Collecting data from our water systems is one thing. Acting on that information is game-changing, and a Black & Veatch survey shows that the water space is taking note.
Underscored by the survey’s finding that two-thirds of the industry respondents are exploring or have deployed smart technologies in their water plans, digital water – the reality that data holds unprecedented potential to make our water supply safer, more abundant and efficient – is gaining traction among global water providers. Perpetual concerns about ever-graying infrastructure notwithstanding, water has turned increasingly complex as data and analytics drive the discourse and coastal threats of extreme weather events test water resilience, according to Black & Veatch’s newly-released 2018 Strategic Directions: Water Report.

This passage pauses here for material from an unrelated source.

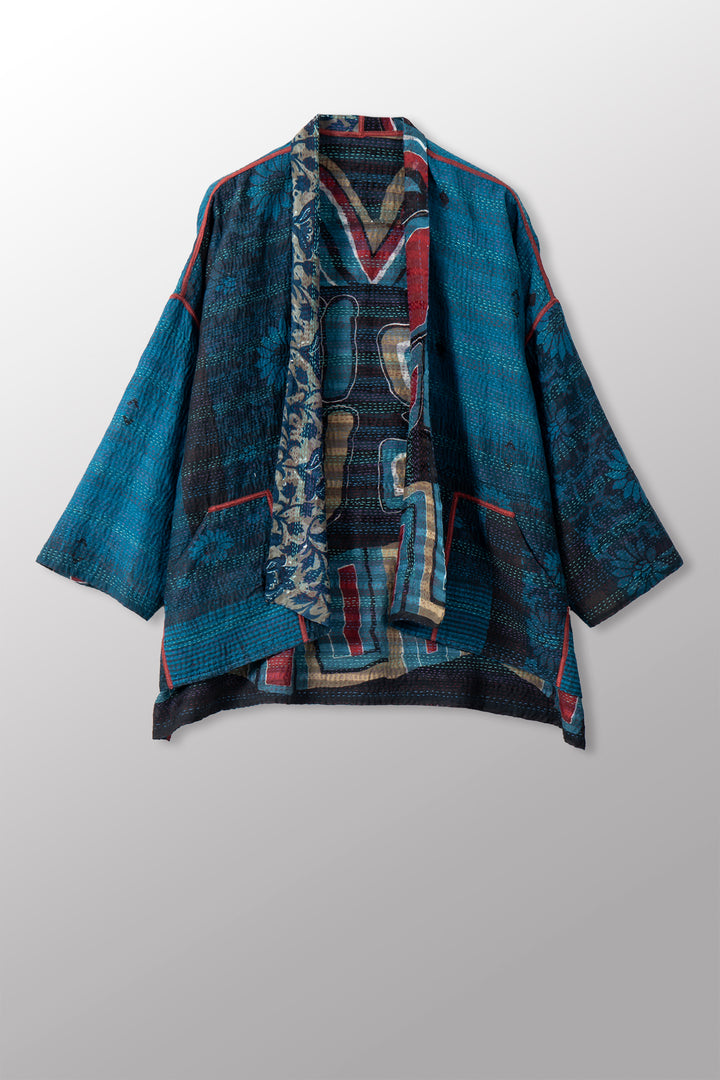 VINTAGE SILK GEORGETTE COTTON KANTHA MINI KIMONO JACKET - gc2055-0002a -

The report, which covers everything from data and resilience planning to rate structures and asset management, features insights gleaned from Black & Veatch’s annual survey of more than 500 industry leaders. The report explores how water and wastewater utilities both regionally and worldwide are deploying innovative solutions to resilience, regulatory and sustainability hurdles – many posed by climate change.
At the forefront is data’s role in the evolving water space as utilities increasingly seek ways to manage and act on data they’re already collecting through legacy SCADA and other monitoring devices. One of the many examples cited in the report shows how a Midwestern water utility turned to data analytics to manage and visualise information that gave operators new insights into the health of their assets. Such views can not only help operators take near-term steps to resolve leaks or make repairs, but they also can help inform longer-view planning and capital investment, putting the utility back in charge of data it’s been collecting all along.

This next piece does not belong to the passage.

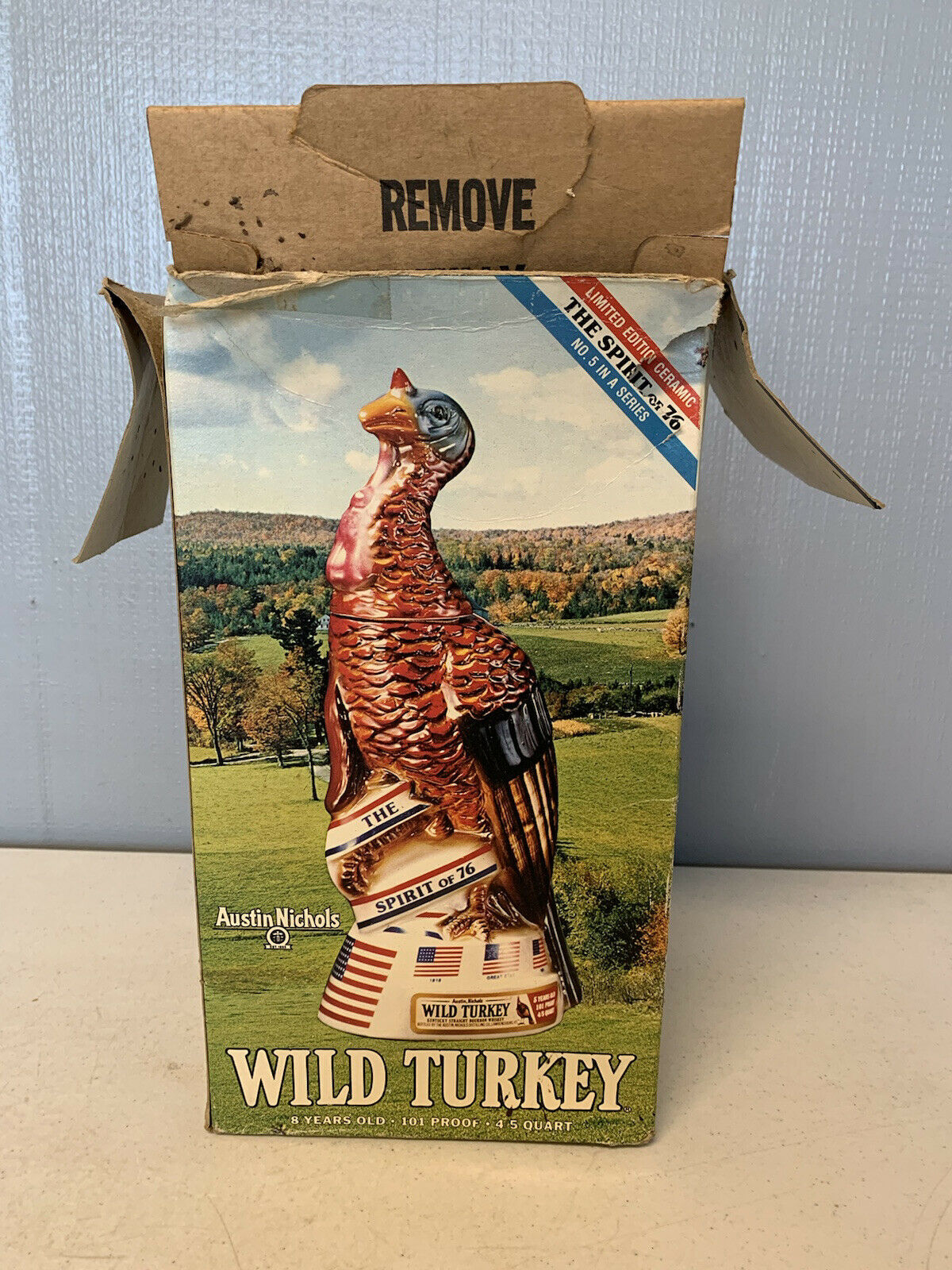 Austin Nichols Wild Turkey #5 Spirit Of '76 Limited Edition Decanter W/box 1976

“Water is a high-tech proposition, with data analytics playing a widening role in giving our industry actionable insights that make our systems more efficient, enhance customer service and extend the life-cycle of expensive assets,” said Cindy Wallis-Lage, President of Black & Veatch’s water business. “Data performs because it informs.”

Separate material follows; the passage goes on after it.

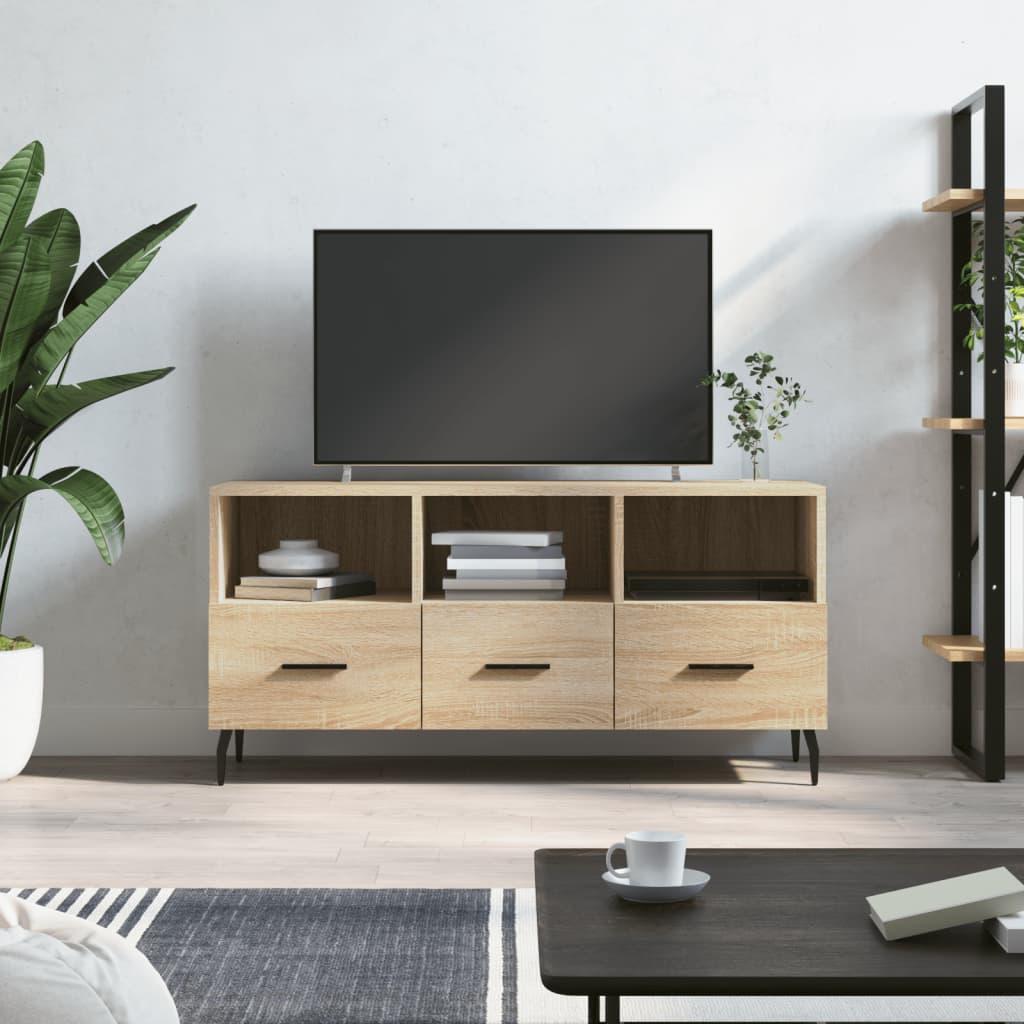Tv-bord 102x36x50 cm konstrueret træ sonoma-eg billede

As the industry’s capital costs continue their ascent and regulation turns murky, the exhaustive report also examines other contemporary, weighty topics, from the nexus of power and water to insights about water conveyance. Innovations in alternative water supply and smart water solutions also get the spotlight, as do accounts of the United States (U.S.) military’s grappling with water issues complicated by limited funding, regulatory pressures and aging infrastructure. The report also tells the story of regional pushes to handle everything from harnessing and storing water in drought-prone areas to vulnerabilities of water systems in coastal and other areas challenged by wet weather events.
“As the water industry reaches a turning point with digitalisation, it also is focusing on sustainability, value and innovation on a number of important fronts,” John Chevrette, President of Black & Veatch’s management consulting arm, added. “Questions about water, including who will pay for much-needed repairs and upgrades, have grown increasingly complex, though water industry leaders domestically and abroad are innovating at an unprecedented pace, reimagining and reinventing how technology is used to solve ubiquitous challenges involving this resource.”
Other key findings include:
- Maintaining or expanding asset life again was chosen as the most significant sustainability issue for utilities
- Only 14 per cent of the survey respondents are using their SCADA device data to predict asset failure, as well as to monitor system health and other operational purposes
- 28 per cent of respondents say they’re using cloud-based software across all parts of their business, up from just 10 per cent last year
- Nearly three-quarters of survey respondents view resilience on a project-by-project basis, suggesting a near-term approach that may neglect benefits of systems integration and long-term effectiveness
- Roughly six in 10 respondents believe their distribution mains are in most need of repair or replacement because of age
- More than 90 per cent of survey participants have adopted, or are considering, rate increases to sustain financial capacity.